In the first place, artistic productions (paintings, sculptures, books, movies, music), when they are at their best, are the creations of artists that are meant to spur our consideration, provide themes for our reflection, and advance fresh implications. In opposition to such noble goals, the glennbeckians of the world would rather have us treat art like a veracious offering that we’re apparently supposed to swallow in one gulp without asking any questions. It just doesn’t work that way!
C. S. Lewis made it clear that the Aslan character in the Chronicles of Narnia represented Jesus. But try to make every scene that takes place in Narnia coincide exactly with a corresponding New Testament passage and you’ll get hopelessly lost. Does that incongruity make you admire Lewis less for opening the gospel so compellingly? Do you appreciate the Bible less?
Michelangelo finished sculpting Moses in 1515 for the tomb of Pope Julius II. The massive marble depiction includes the rays of divine encounters radiating from Moses’ head. Are we upset and do we rant because the great leader of the Hebrews appears to have horns? Or do we understand Michelangelo’s intent and marvel at the great master’s powerful skill?
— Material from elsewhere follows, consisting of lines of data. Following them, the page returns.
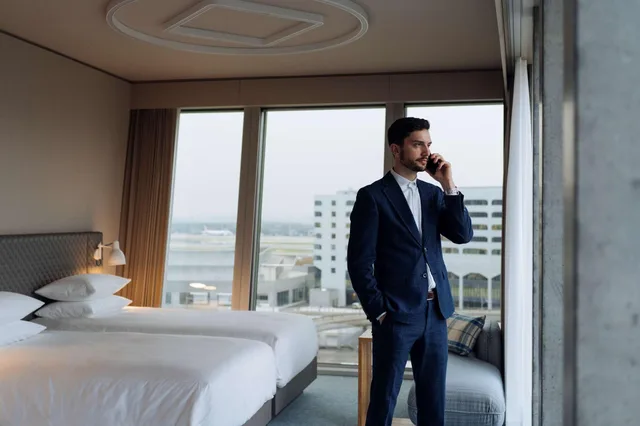 غرفة بسريرين منفصلين بإطلالة، Hyatt Place Zurich Airport The Circle 2/3
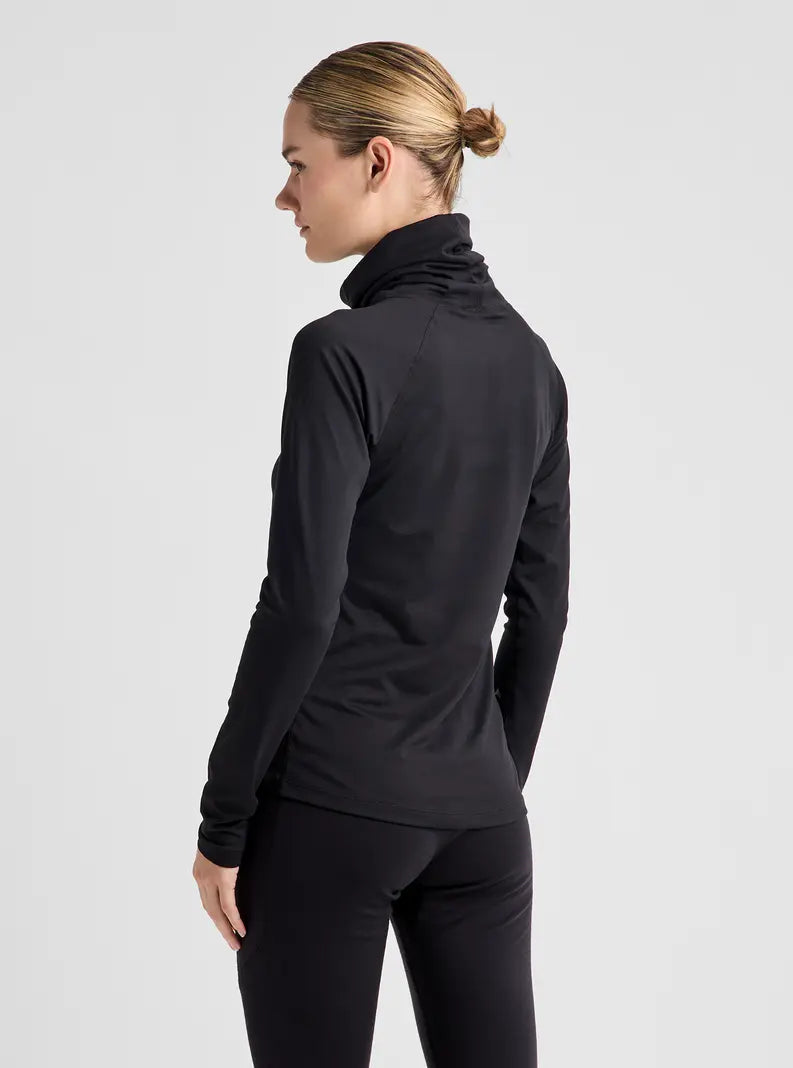 Product image of Women's Burton Synthetic Midweight Base Layer Long Neck[Variant:True Black]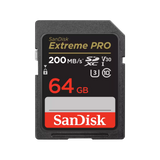 SANDISK EXTREME PRO 64GB SD, 200MB/s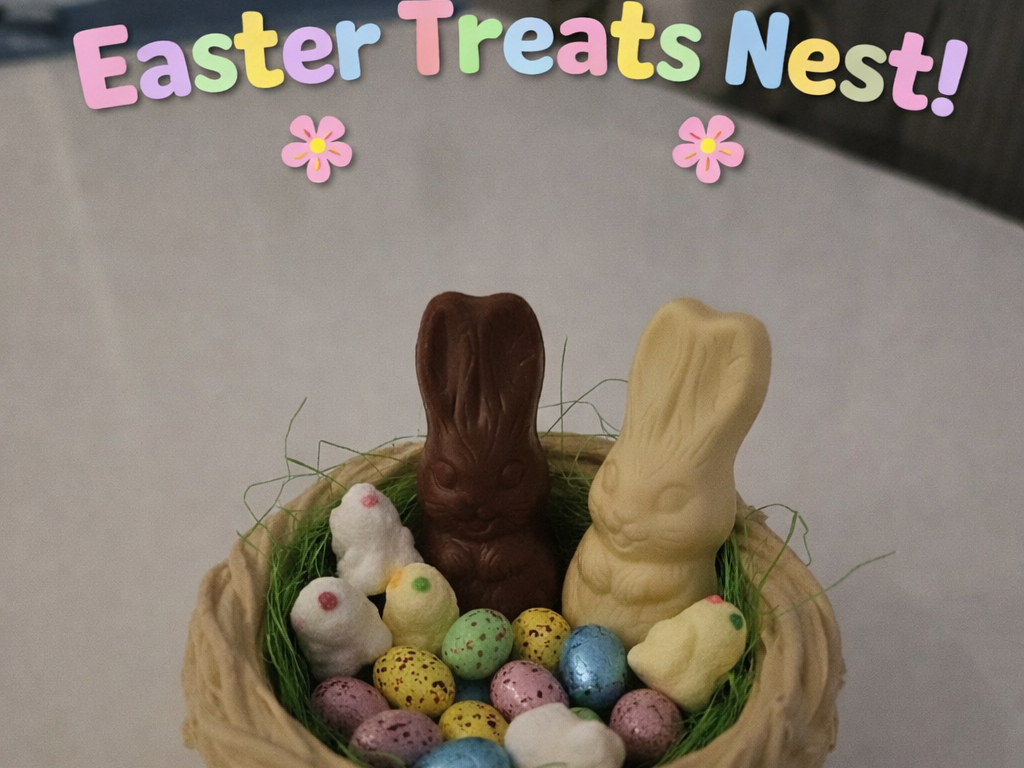 Nido di Pasqua Per Dolci e Cioccolato cute design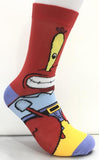 Socks - SpongeBob - Mr. Krabs Red Body Crew Socks (1 Pair)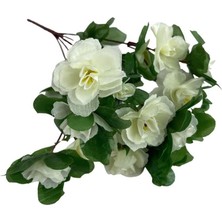 Nettenevime Yapay Çiçek Beyaz Açelya Demeti 7 Dallı 33*20CM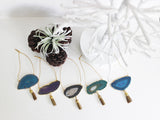 Agate Geode Ornament Set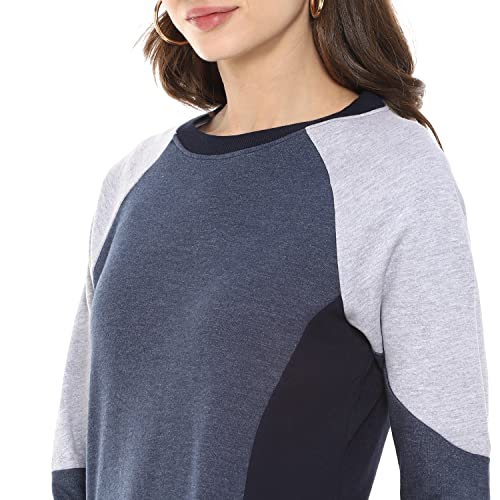 Image of Campus Sutra Women's Cotton Crew Neck Sweatshirt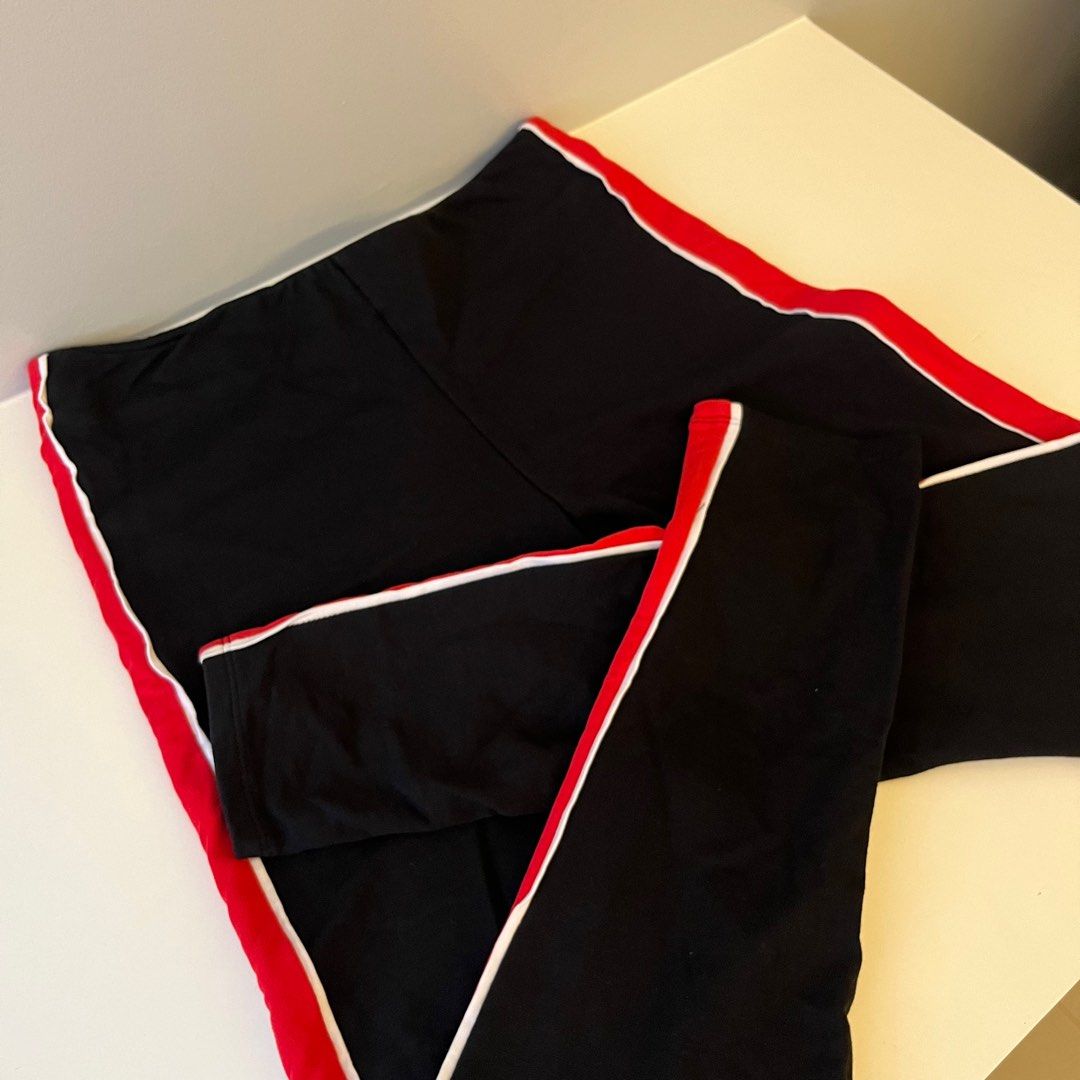 H&M Black Leggings with Red Stripe (Category: Other Bottoms) located in Manila. Submitted by arabelagracex (Listing ID 1409674428, Image 1). Description: .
Around 1850 Honoré Daumier placed a little bare-bottom boy in the foreground of his haunting painting, Ecce homo. The boy is being hoisted up by his father for a better view of Pilate yelling at the crowd and pointing to Jesus. Was the little boy really there that day? Would he have had any understanding of what was going on? Isn’t the real point that Daumier wanted us to reflect on the scene’s implications on the people of Jerusalem, and even, perhaps, consider the meaning for ourselves?
Art is intended to make us think.
The Impact of the Whole
Secondly, where did the rule come from that states that we have to like every passage in a painting, every line of dialog in a book, every note in a song, or every scene in a movie, or the art becomes “a disaster”? Think of the works such a dictate would eliminate from our enjoyment.
I’m not very fond of the depiction of Adam and Eve in Jan van Eyck’s magnificent 15th century Ghent Altarpiece, known as The Adoration of the Mystic Lamb. But standing in front of the 12 stunning panels in the Cathedral of St. Bavo in Ghent is, nevertheless, an overwhelming, immensely satisfying spiritual experience. The grand combined effect of the total work fully subsumes my minor, personal reservations.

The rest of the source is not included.